Do Resource-Wealthy Rulers Adopt Transparency-Promoting Laws? An Empirical Analysis
International Studies Quarterly, (2017, Forthcoming)
43 Pages Posted: 9 Jan 2017
Date Written: January 5, 2017
Some argue that the ‘natural resource curse’ does not occur if countries have better institutions. Rulers with access to resource wealth, however, are unlikely to make institutional changes that might undermine their discretionary power. We examine this proposition by testing whether countries with access to natural resource wealth are less likely to adopt transparency-promoting Freedom of Information (FOI) laws after accounting for the current level of democracy and the quality of institutions. Using Panel data on 139 countries between 1980-2012 (33 years), we find that countries deriving rents from natural resource are less likely to adopt FOI laws. We also find that oil, rather than other resources, is robustly related to a lower probability of adopting FOI laws.
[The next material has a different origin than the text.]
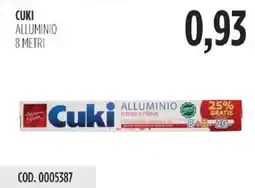 Carico Cash & Carry Cuki alluminio offerta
However, higher income from resources is positively associated with the chance of adopting FOI laws conditional on very strong levels of existing democracy and institutions, signifying that rulers of resource wealth need to face fairly high political constraints before they adopt institutional changes. Global policy aimed at increasing transparency within resource-wealthy states will have to focus efforts on strengthening democracy in ways that increase political competition. Our findings are robust to alternative samples, measurement, and several different estimation strategies.